Readers please note, the kitchen did get cleaned and no friends or family were harmed in the process.

Stay tuned for another installment of the world according to my dad.

Saturday, 13 September 2014

Where, oh where?

Sometimes when I get behind in blogging, it feels really overwhelming to try and catch up.  So I avoid it.  Then I get more behind, then more overwhelmed - you get the picture.

Here is my attempt to start small.  Please comment below on who is in the picture, where they are, and what is going on.  Bonus points if you were there too!

I see you.

Hmm, maybe not so smart after all.

Look at those smiles!

Two fistin' it, of course.

Sunday, 10 August 2014

Your travels have brought you to

As it has been previously noted, the Captain and Crew are not exemplary travelers.  Yes, we go many new places, but we tend to miss most of the "must see" tourist destinations and have been known to stay inside all day if it looks like rain.  The Captain likes tea in the morning and beer in the evening, no matter what the locals drink, and the Crew likes exotic desintations only if they have good internet.

However, we do have one sightseeing guideline - when not sailing, do and see things that you can't do on a boat.  (This once led to a horseback riding excursion, to the Captain's regret.)

These last two weeks have been "round two" of the UK part of the Abandon Ship Tour. Alongside the meals and drinks shared with people we love, we've tried to do "things you can't do on a boat."

Adventure #1: Walk the Grand Union Canal

We did walk a bit of the canal earlier in our trip, but this time we walked from Stockton to Leamington Spa, a distance of about 14 km.  It took us three and a half hours, and there isn't actually that much to report, other than the fact that you can't do that on a boat. (Well, if you had a narrow boat, you could travel the same route, but we discovered that because of all the locks, it is faster to walk along the towpath than to motor at 4 knots per hour.

Snacks along the way. (This photo is for my Dad.)
We made it - yay!
Ok, these lovely ladies didn't come with us on our walk, but they were happy to see us when we got back.  Lace is sitting up, Pumpkin is lying down. They live at the Captain's sister Barbara's house.
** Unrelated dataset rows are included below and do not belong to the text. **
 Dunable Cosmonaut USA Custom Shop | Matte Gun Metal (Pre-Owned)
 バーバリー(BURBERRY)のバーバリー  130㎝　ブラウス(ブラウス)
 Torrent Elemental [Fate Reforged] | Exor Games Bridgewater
Adventure #2: Astle Park Traction Engine Rally

"Oh, a traction engine rally," you say, "What is that?"

Exactly what I said.

Turns out, Wikipedia has some things to say about traction engines, and also about the rally, also known as a steam fair. The short version is that it is like a country fair, with a lot of old machinery of various types (cars, motorcycles, tanks, straw balers, organs) on display. Fortunately, you can buy ice cream and other good things to eat if your attention should sway (just for a moment) from the marvels of historic engineering.

The Captain and Crew next to the real deal - a traction engine.
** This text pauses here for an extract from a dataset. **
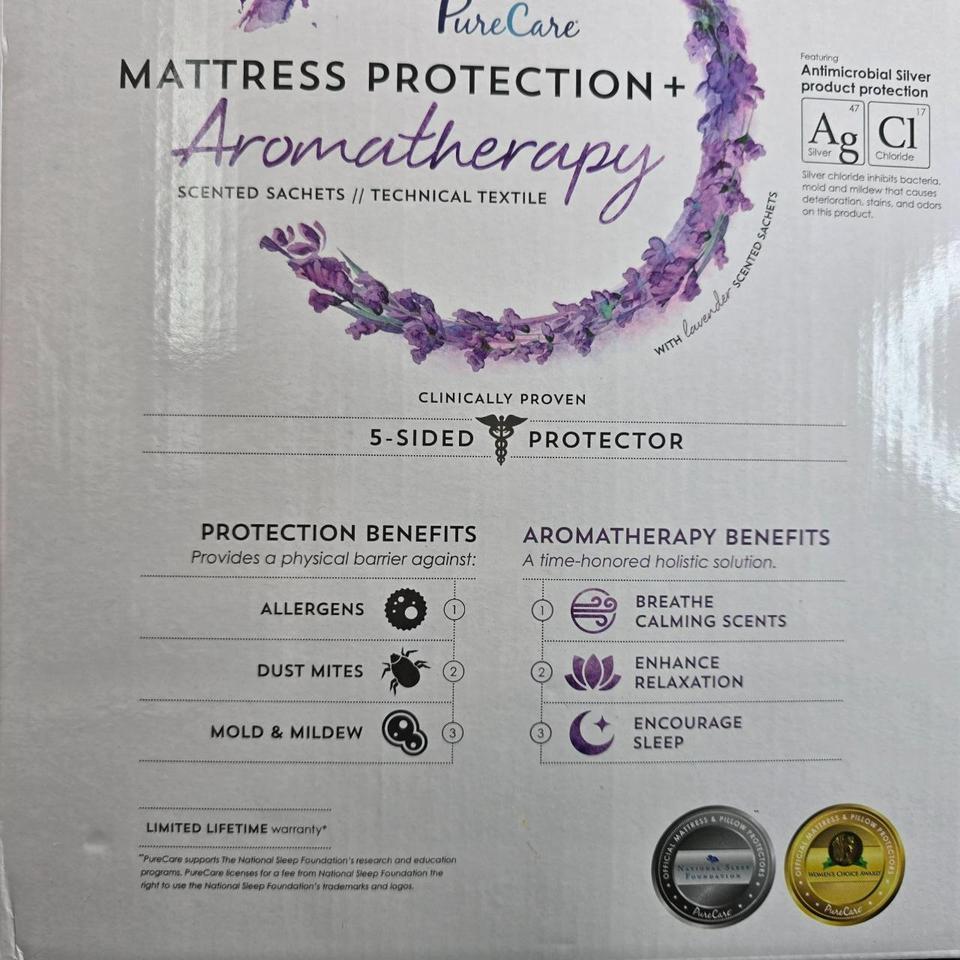 Purecare 5 Sided Cal King Mattress 3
The engines burn coal to heat the steam boilers, so it can get a bit smokey.

There was a parade of the traction engines.  I'm pretty sure these gentlemen are as old as the  machinery they are driving.  The best part of the parade was when they all let loose on their steam horns!
The weather was glorious, which was good, because the second day (today as I write this post) is pouring down with rain and I'm sure the whole field is a soggy muddy mess.

Surprisingly, I only saw adults on this carousel, no kids.
World's greatest thrill - are you sure about that?
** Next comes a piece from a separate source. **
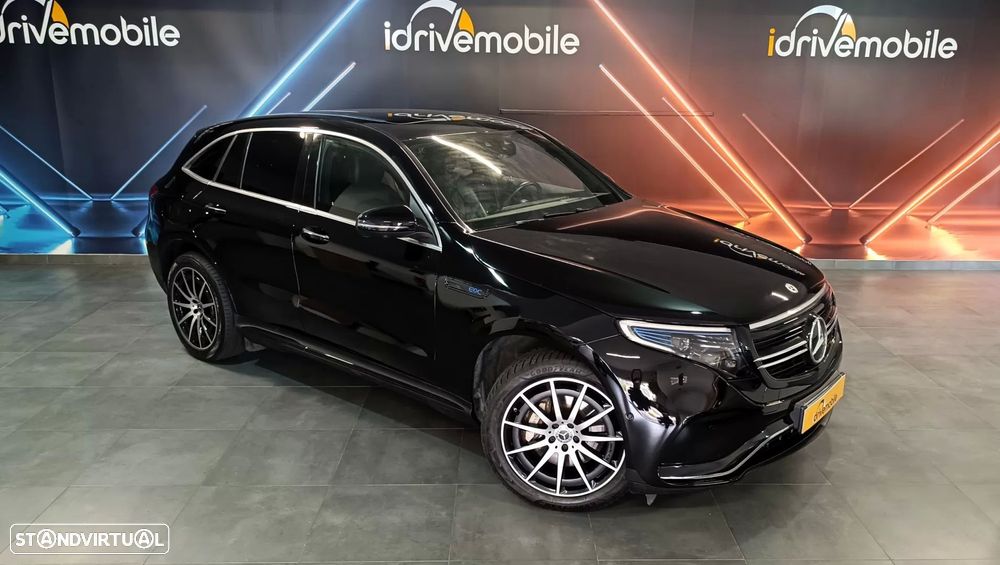 Mercedes-Benz EQC 400 4Matic - 12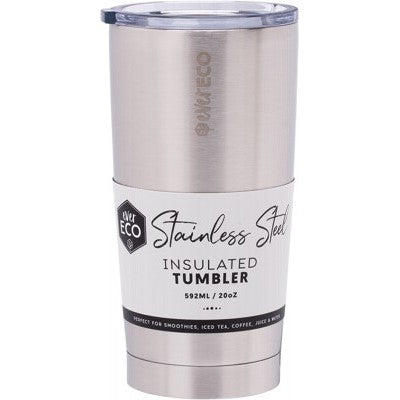 Ever Eco - 592ml - Insulated Tumbler - Stainless Steel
Very short video of a fair organ - also an early twentieth century "thing."

We wandered through the entire grounds of the fair.  I'm sorry if you were interested, but I didn't get any pictures of the classic cars, old military ambulances, or of the kiosk selling "magic extendable hoses." I did get some pictures of these brightly coloured beauties:

"Oh look, a baby one."
Well, the sign says it was designed for Scottish crofters who presumably didn't want a big one.
Many thanks to the Captain's sister Julia and her husband Adrian who provided this marvelous "off boat" adventure.  The end of the day saw us all relaxing with a beer alongside the parade arena, although not as relaxed as the man sitting across from me.

We have another week of British-flavoured adventures and then we're on the move again. If you are in the T-dot, give me a shout, because we will be in your neighbourhood next.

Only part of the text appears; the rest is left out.